*** Block opens ***

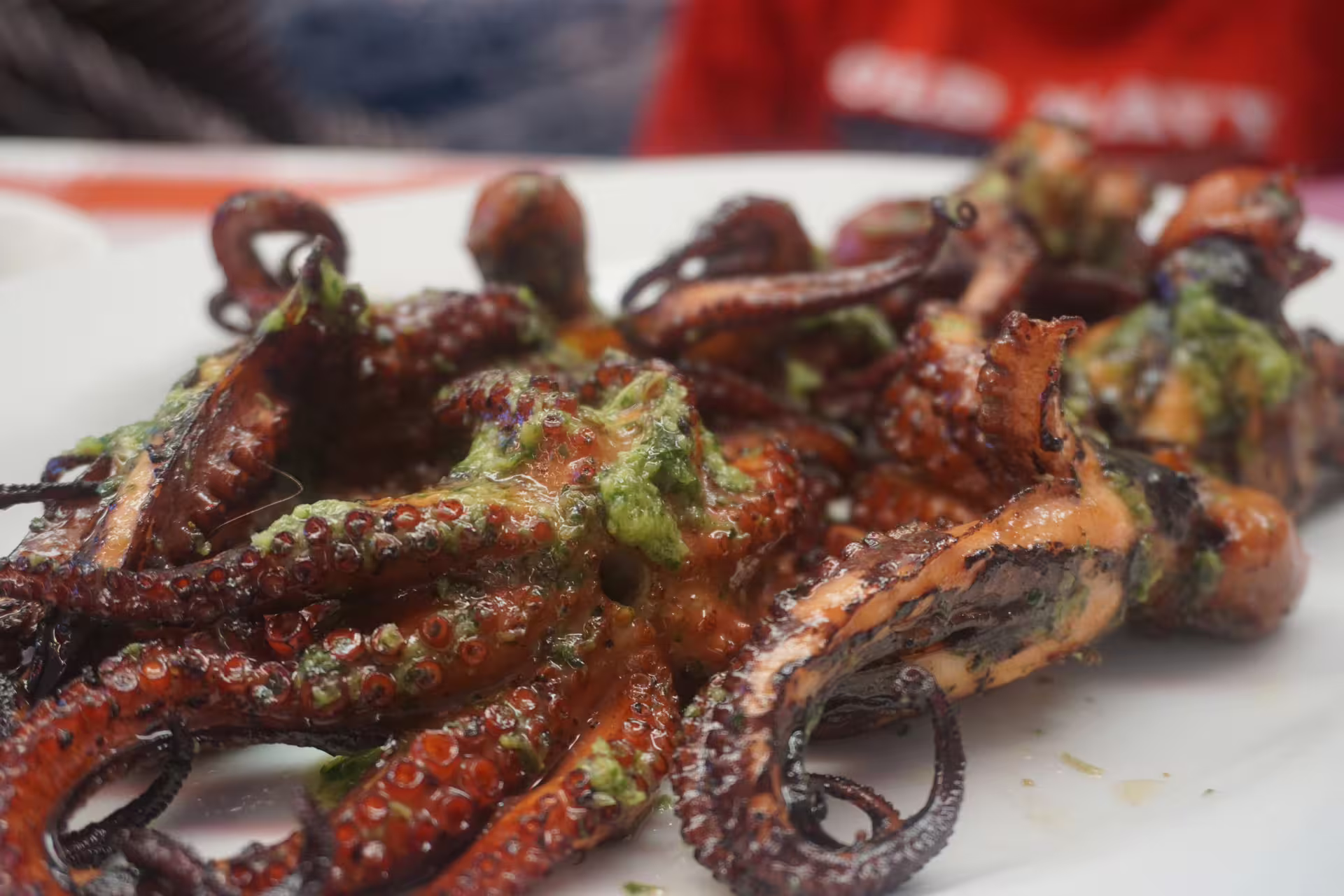Grilled octopus with green herbs, a culinary highlight on the São Vicente Island tour from Praia.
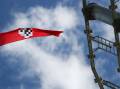 NOW BANNED: A Nazi flag is seen flying from the top of a light tower at Robertson Oval in February 2020. The offensive act partially inspired a new ban on displaying Nazi symbols.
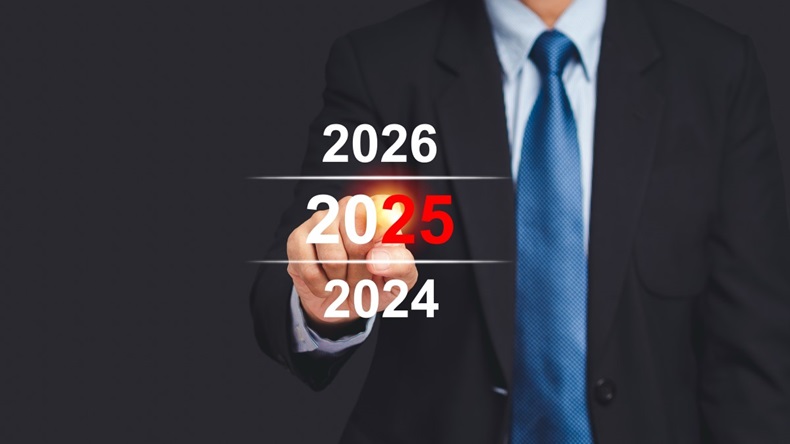 Man in suit and tie points to year 2025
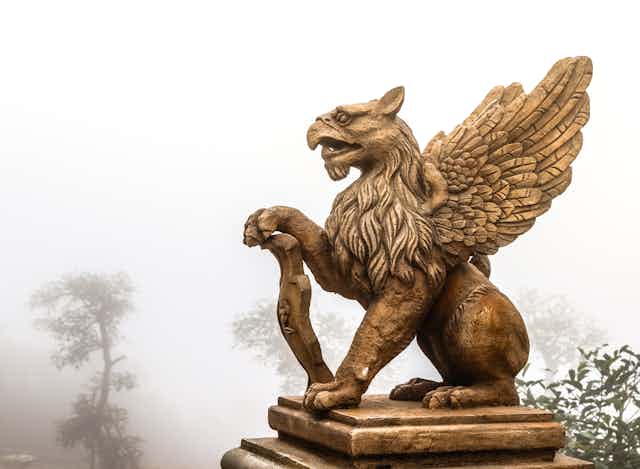 stature of a griffin with the body of a lion, the head and wings of an eagle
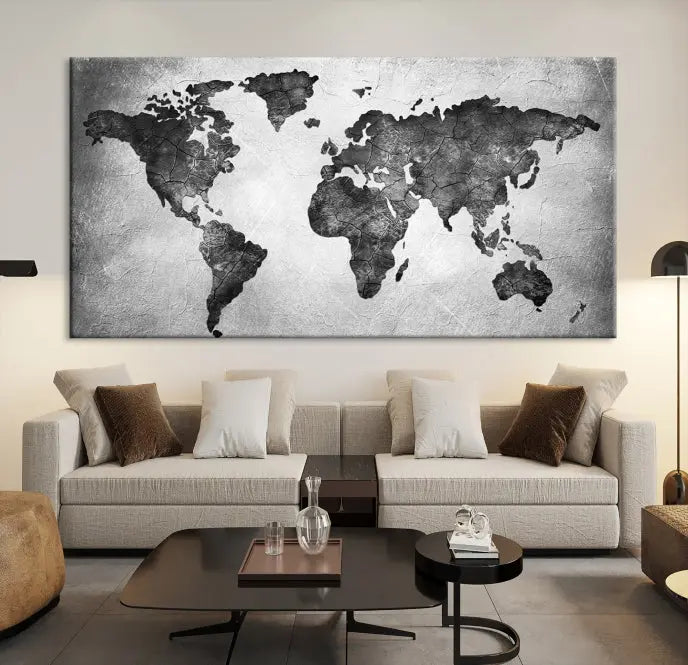 A Black and Gray World Map Canvas Wall Art Print, created on museum-quality canvas with UV-protective coating, hangs prominently.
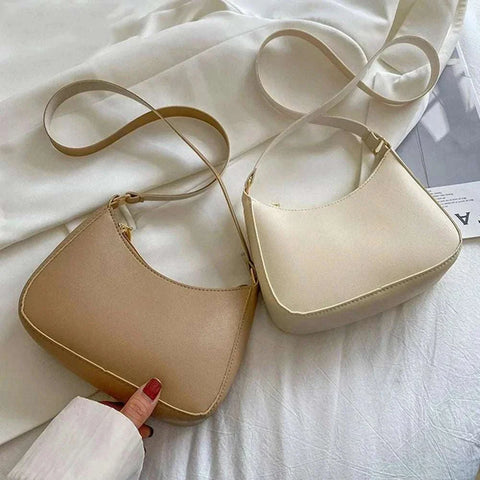 Retro PU leather shoulder bag in solid color, stylish underarm handbag for women.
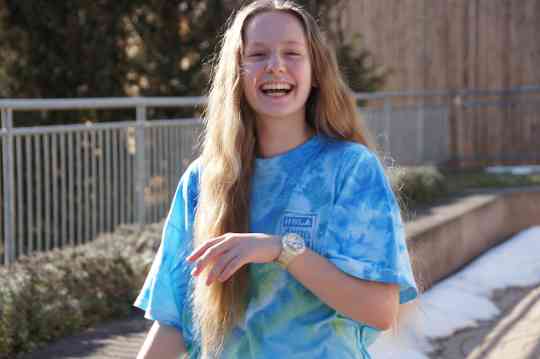 Schülerin lächelt in die Kamera im blau gebatikten Pitz T-Shirt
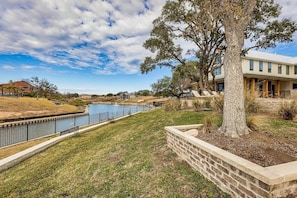 Boat can be docked along the back of the house in the canal.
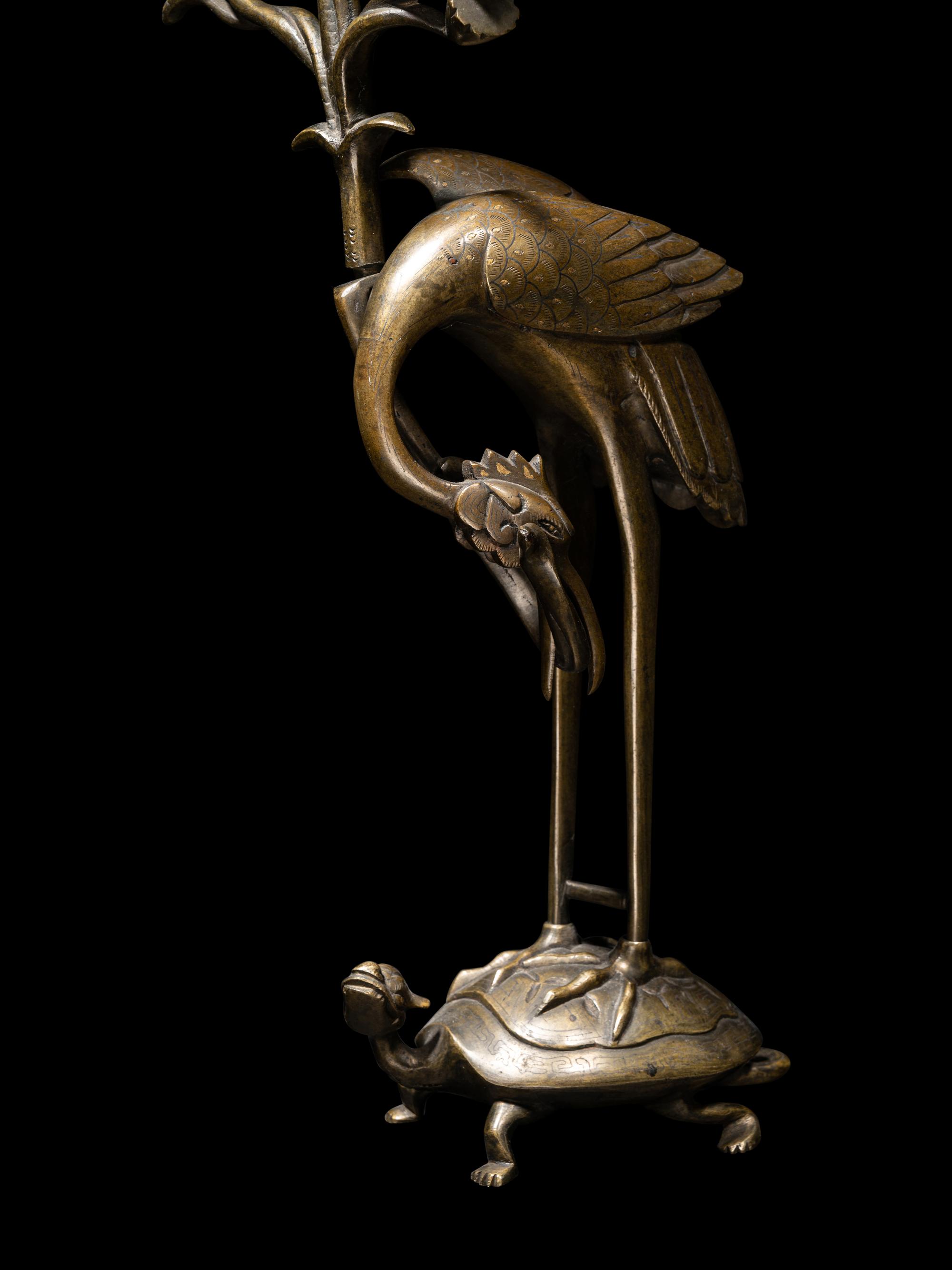 Three Chinese Bronze 'Turtle and Crane' Candle Holders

*** Block closes ***

§ **Problem details**
Output the material word for word, omitting its pictures.

§ **Your solution**
Grilled octopus with green herbs, a culinary highlight on the São Vicente Island tour from Praia.
 NOW BANNED: A Nazi flag is seen flying from the top of a light tower at Robertson Oval in February 2020. The offensive act partially inspired a new ban on displaying Nazi symbols.
 Man in suit and tie points to year 2025
 stature of a griffin with the body of a lion, the head and wings of an eagle
 A Black and Gray World Map Canvas Wall Art Print, created on museum-quality canvas with UV-protective coating, hangs prominently.
 Retro PU leather shoulder bag in solid color, stylish underarm handbag for women.
 Schülerin lächelt in die Kamera im blau gebatikten Pitz T-Shirt
 Boat can be docked along the back of the house in the canal.
 Three Chinese Bronze 'Turtle and Crane' Candle Holders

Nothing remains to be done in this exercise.